(Dataset entries)
--- START ---

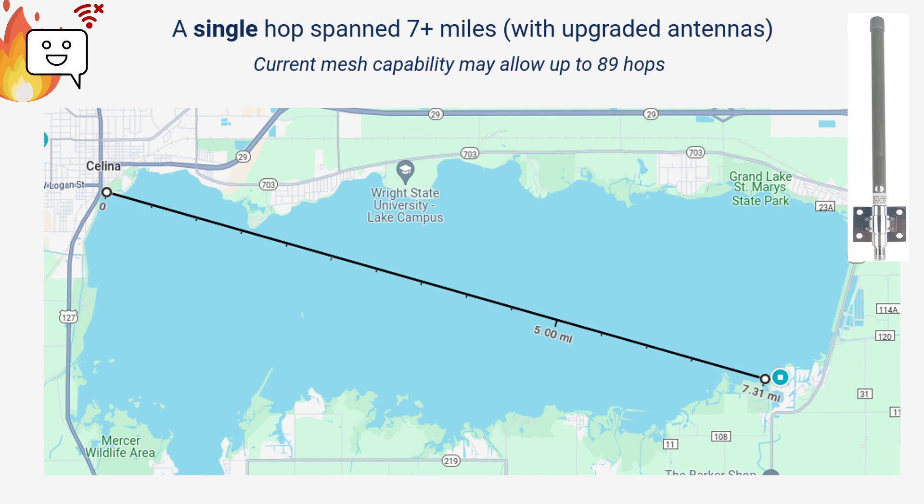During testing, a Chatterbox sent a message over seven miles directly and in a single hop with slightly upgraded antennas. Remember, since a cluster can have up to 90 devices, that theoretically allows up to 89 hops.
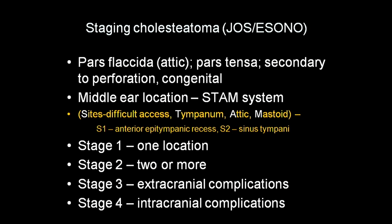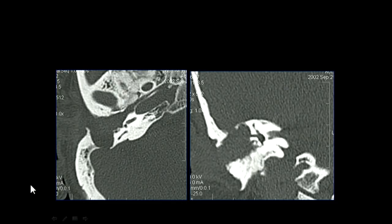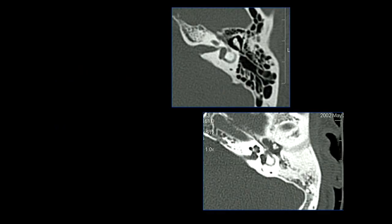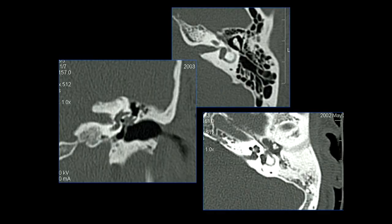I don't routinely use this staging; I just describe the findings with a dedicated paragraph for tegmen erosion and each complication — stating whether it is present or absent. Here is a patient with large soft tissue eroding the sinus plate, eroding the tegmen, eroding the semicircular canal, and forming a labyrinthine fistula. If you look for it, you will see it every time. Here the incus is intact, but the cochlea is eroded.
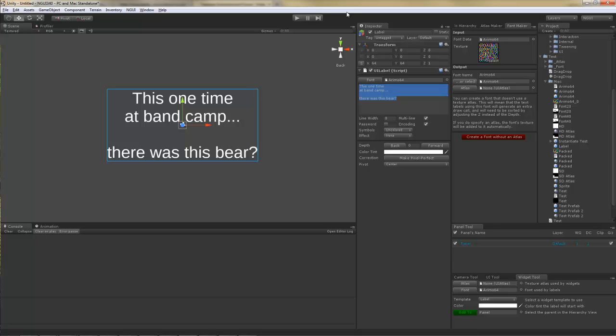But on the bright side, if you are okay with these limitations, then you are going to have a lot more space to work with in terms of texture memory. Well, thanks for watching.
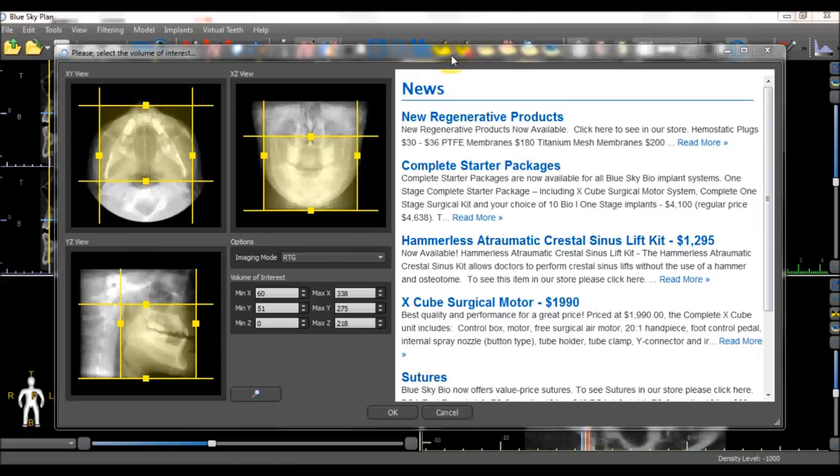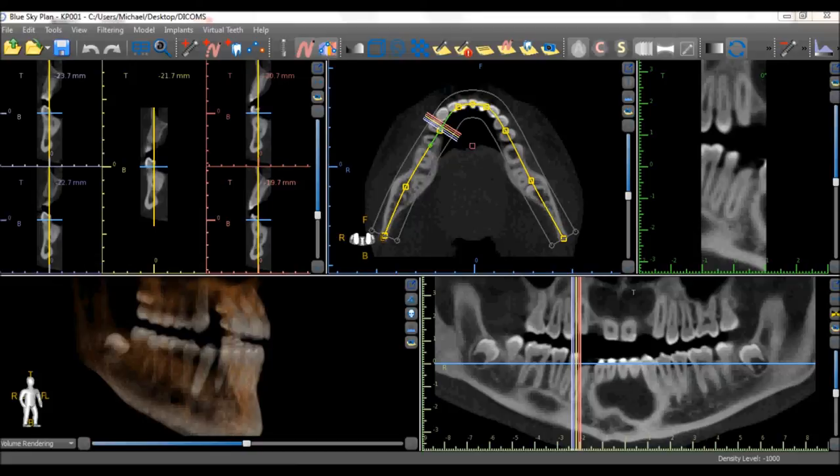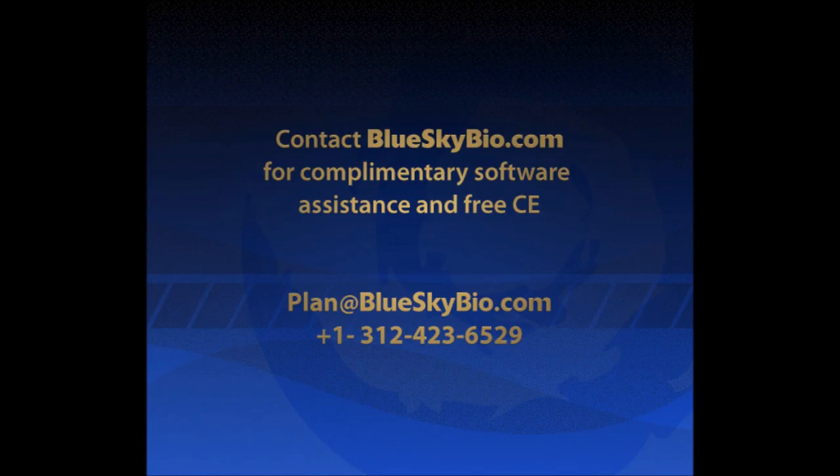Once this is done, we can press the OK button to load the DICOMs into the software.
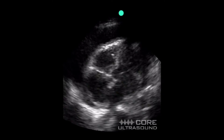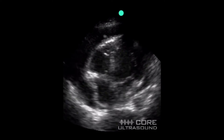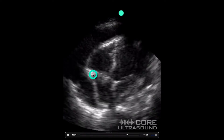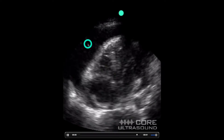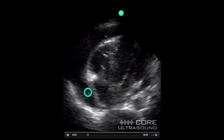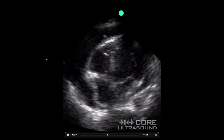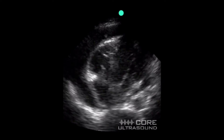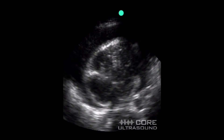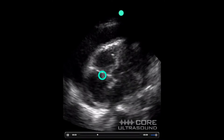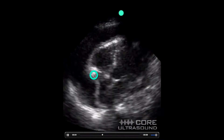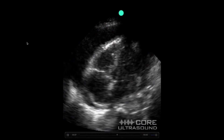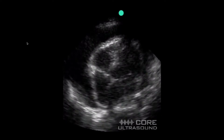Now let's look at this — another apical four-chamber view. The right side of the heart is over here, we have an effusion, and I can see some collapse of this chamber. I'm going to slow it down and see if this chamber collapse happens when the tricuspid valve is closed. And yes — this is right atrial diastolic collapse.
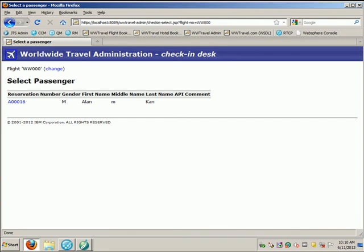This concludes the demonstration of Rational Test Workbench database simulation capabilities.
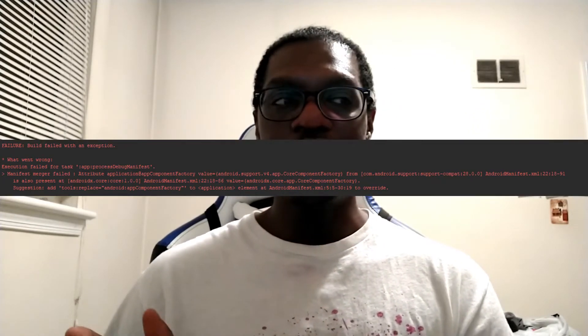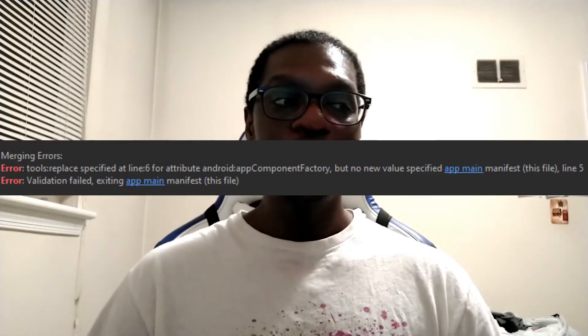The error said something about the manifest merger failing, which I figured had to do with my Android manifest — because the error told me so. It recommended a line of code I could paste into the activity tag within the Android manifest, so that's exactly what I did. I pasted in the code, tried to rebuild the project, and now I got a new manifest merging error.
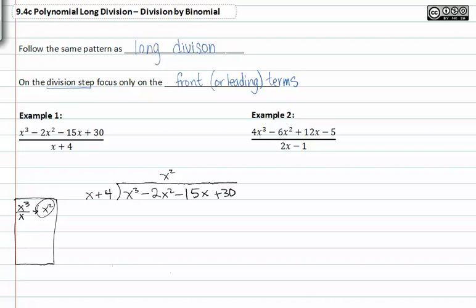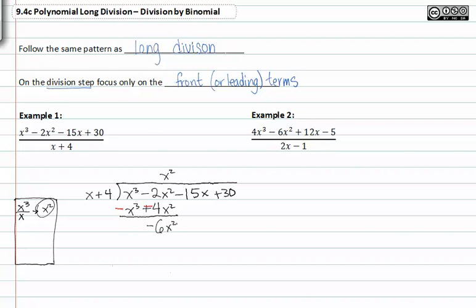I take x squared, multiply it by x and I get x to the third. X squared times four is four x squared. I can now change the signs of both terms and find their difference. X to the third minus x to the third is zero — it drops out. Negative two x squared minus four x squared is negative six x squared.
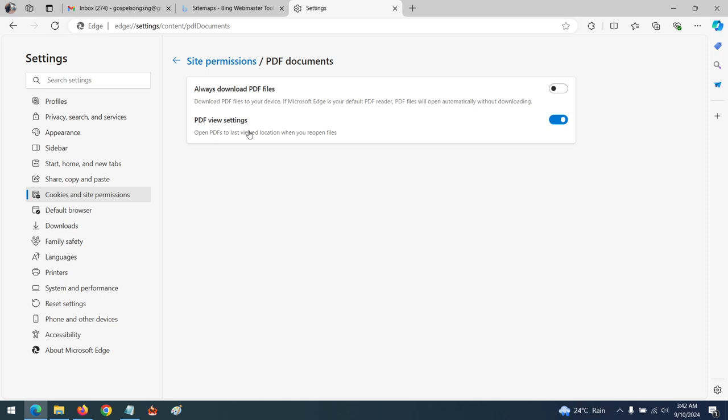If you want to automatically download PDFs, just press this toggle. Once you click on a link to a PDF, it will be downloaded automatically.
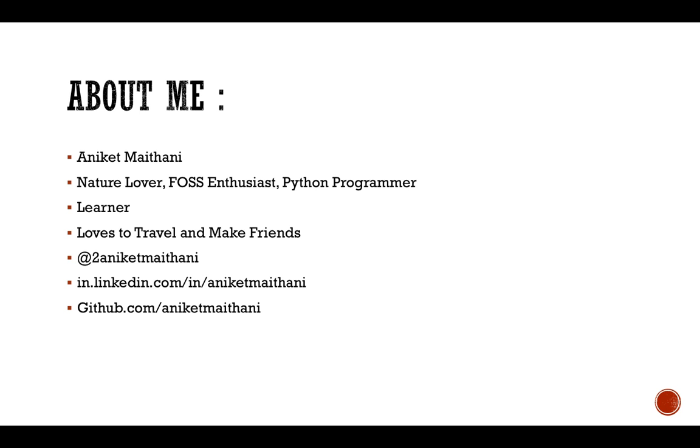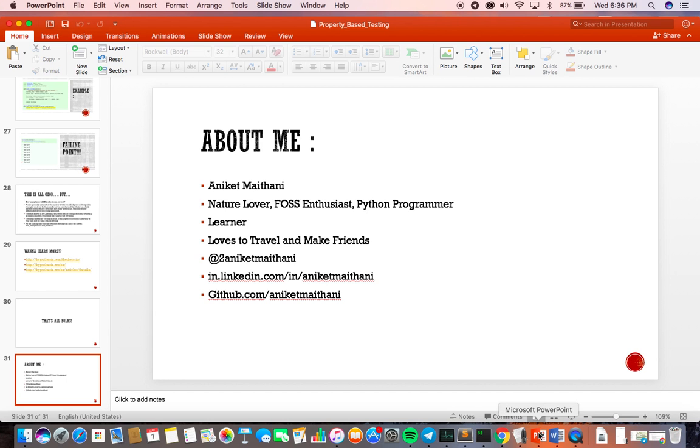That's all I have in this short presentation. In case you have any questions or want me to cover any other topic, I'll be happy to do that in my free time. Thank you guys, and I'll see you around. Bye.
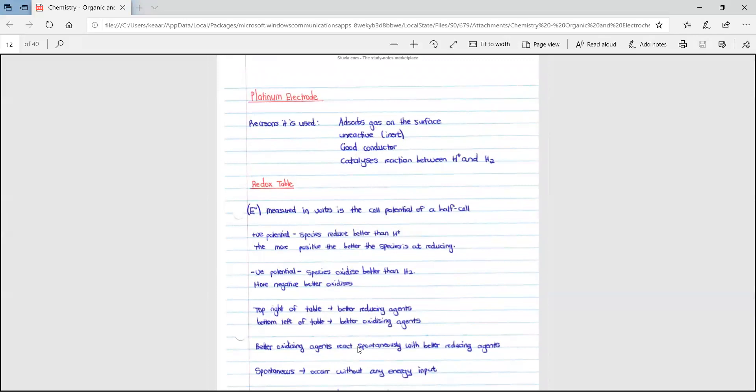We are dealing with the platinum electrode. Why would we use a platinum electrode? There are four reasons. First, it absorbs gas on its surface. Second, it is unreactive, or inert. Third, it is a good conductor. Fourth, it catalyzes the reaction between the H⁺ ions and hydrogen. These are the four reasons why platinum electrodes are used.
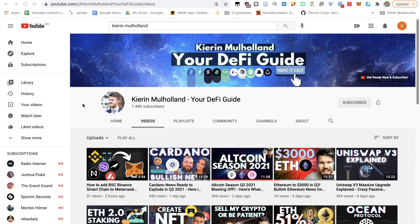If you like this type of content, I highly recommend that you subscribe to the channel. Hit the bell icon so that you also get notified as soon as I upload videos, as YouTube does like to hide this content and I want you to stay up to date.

--- END ---

Copy the final stretch of lines, starting at the one that holds "Now let's look" and ending at the last line of the data, exactly; omit pictures.

— Output below —
Now let's look at this — another apical four-chamber view. The right side of the heart is over here, we have an effusion, and I can see some collapse of this chamber. I'm going to slow it down and see if this chamber collapse happens when the tricuspid valve is closed. And yes — this is right atrial diastolic collapse.
This concludes the demonstration of Rational Test Workbench database simulation capabilities.
The error said something about the manifest merger failing, which I figured had to do with my Android manifest — because the error told me so. It recommended a line of code I could paste into the activity tag within the Android manifest, so that's exactly what I did. I pasted in the code, tried to rebuild the project, and now I got a new manifest merging error.
I take x squared, multiply it by x and I get x to the third. X squared times four is four x squared. I can now change the signs of both terms and find their difference. X to the third minus x to the third is zero — it drops out. Negative two x squared minus four x squared is negative six x squared.
If you want to automatically download PDFs, just press this toggle. Once you click on a link to a PDF, it will be downloaded automatically.
That's all I have in this short presentation. In case you have any questions or want me to cover any other topic, I'll be happy to do that in my free time. Thank you guys, and I'll see you around. Bye.
We are dealing with the platinum electrode. Why would we use a platinum electrode? There are four reasons. First, it absorbs gas on its surface. Second, it is unreactive, or inert. Third, it is a good conductor. Fourth, it catalyzes the reaction between the H⁺ ions and hydrogen. These are the four reasons why platinum electrodes are used.
If you like this type of content, I highly recommend that you subscribe to the channel. Hit the bell icon so that you also get notified as soon as I upload videos, as YouTube does like to hide this content and I want you to stay up to date.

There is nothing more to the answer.